On a landing strip near Inez, Ky., RNC Chairman Mike Duncan said he put in a call this morning to the chairwoman of the North Carolina Republican Party. “I left a voicemail encouraging her not to run the ad,” he said. Katie Wright, an RNC spokeswoman, elaborated, saying the national party first learned of the ad last night, and raised objections at a staff level. “We didn’t see it as helpful or appropriate. But they are an independent organization,” she said of the North Carolina state party.
A few minutes later, McCain weighed in himself. “We asked them not to run it. I am sending them an email as we speak asking them to take it down,” McCain said. “There is no place for that kind of campaigning.”
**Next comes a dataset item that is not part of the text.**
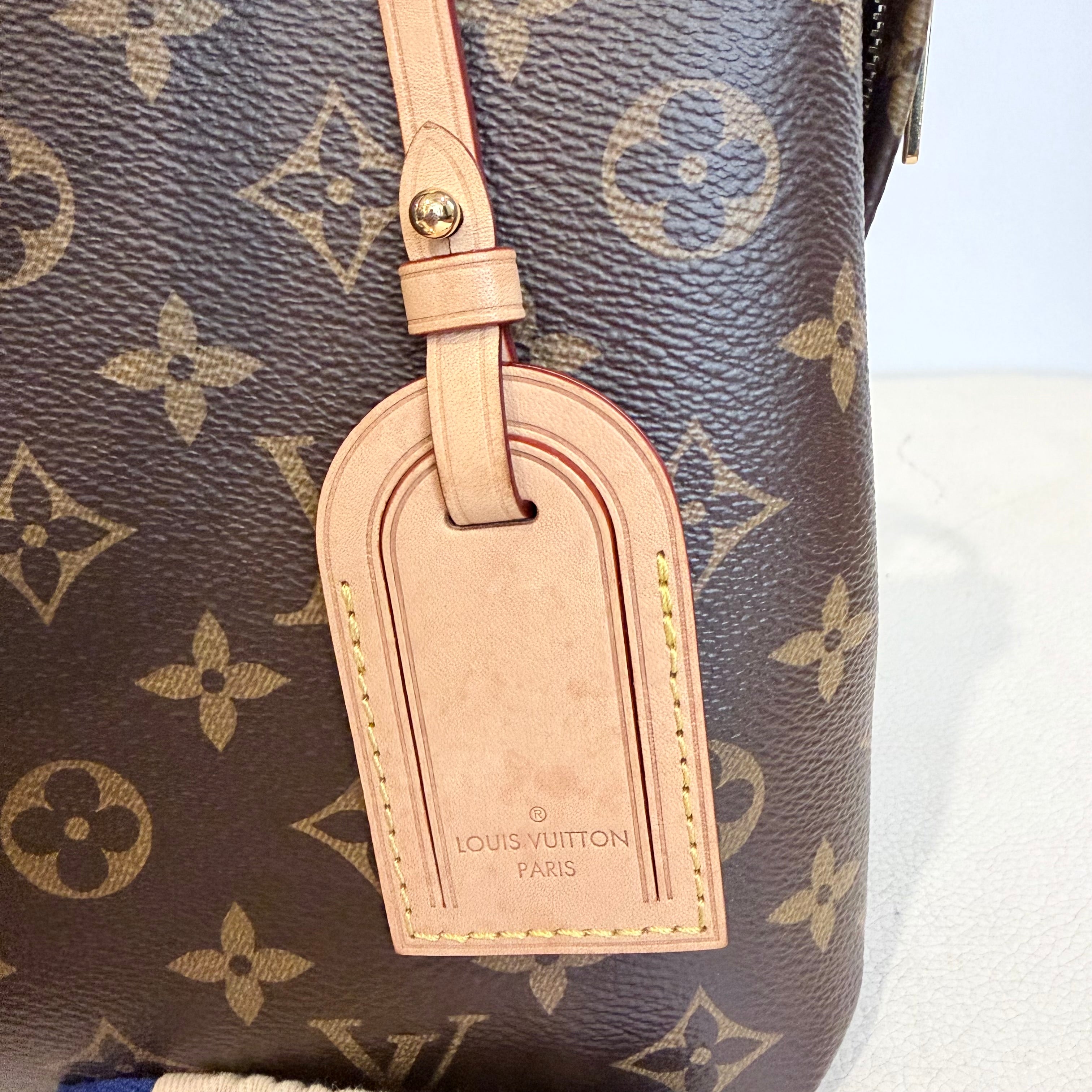 LOUIS VUITTON Petit Palais in Monogram Handbag Shoulder bag
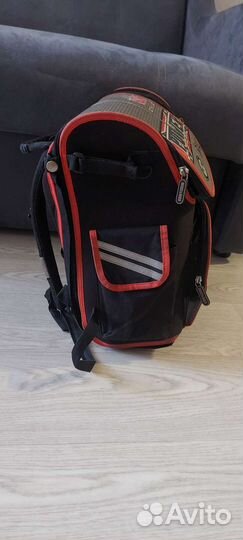 Школьный ранец с анатомической спинкой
In this respect, McCain continues to draw a fine — and somewhat fuzzy — line between those issues from Obama’s past that are fair game and those that are not. While he has mostly ruled out Obama’s relationship with Rev. Jeremiah Wright as a legitimate issue, McCain spent Sunday saying that Obama’s relationship to another controversial figure, William Ayers, was a legitimate issue. Ayers, a former member of a violent fringe of the anti-Vietnam war movement, the Weather Underground, is a now a college professor in Chicago.
“His relationship with Mr. Ayers is open to question,” McCain said on ABC’s This Week, about Obama. “He became friends with him and spent time with him while the guy was unrepentant over his activities as a member of a terrorist organization, the Weathermen. Does he condemn them? Would he condemn someone who says they’re unrepentant and wished that they had bombed more?”